W3C home > Mailing lists > Public > public-lod@w3.org > June 2011

Re: Think before you write Semantic Web crawlers

From: Richard Cyganiak <richard@cyganiak.de>
Date: Thu, 23 Jun 2011 10:01:06 +0100
Cc: public-lod@w3.org
Message-Id: <76038FA6-CBCB-4C3A-A357-33746691CE8E@cyganiak.de>
To: antoine.zimmermann@insa-lyon.fr
Antoine,

On 23 Jun 2011, at 07:27, Antoine Zimmermann wrote:
>> I started a list here: http://www.w3.org/wiki/Bad_Crawlers
> 
> What's the use of this list?
> Assume it stays empty, as you hope. What's the use?

That should be obvious.

> Assume it gets filled with names: so what? It does not prove these
> crawlers are bad. The authors of the crawlers can just remove themselves
> from the list.

Check out the "watch" and "history" tabs on that page.

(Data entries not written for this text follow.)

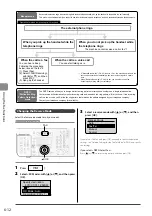 Preview for 96 page of Canon 3555B001AA Basic Operation Manual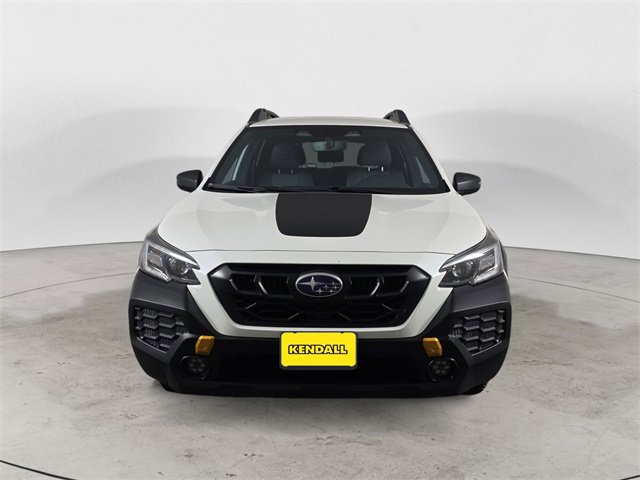 Certified 2024 Subaru Outback Wilderness image 8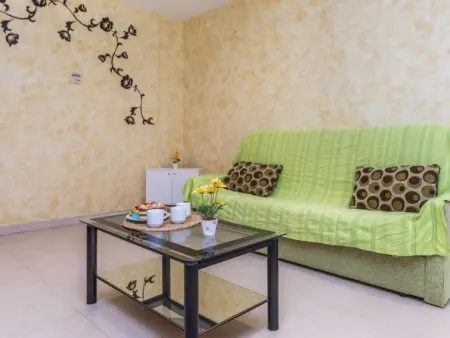 Mondrian, Appartement 4 personnes à Oropesa del Mar - Photo 2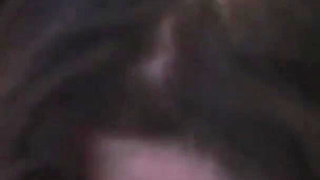 She Lies in Bed and Shows Him Her Horny Wet Cunt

> If a crawler is on the list, chances are that nobody
> would notice anyway, especially not the kind of people that Martin is
> defending in his email.

It takes very little effort to make a copy-paste Apache config snippet that blocks the offending IP ranges. Pointing the victims of abusive crawlers to such a snippet is a first-aid measure.

> If a crawler is put to the list because it is
> bad and measures are taken, what happens when the crawler get fixed and
> become polite? And what if measures are taken while the crawler was not bad at all to start with?

It shifts some pain from the server operators to the crawler operators who have to see how they get off the list again. That's a good thing.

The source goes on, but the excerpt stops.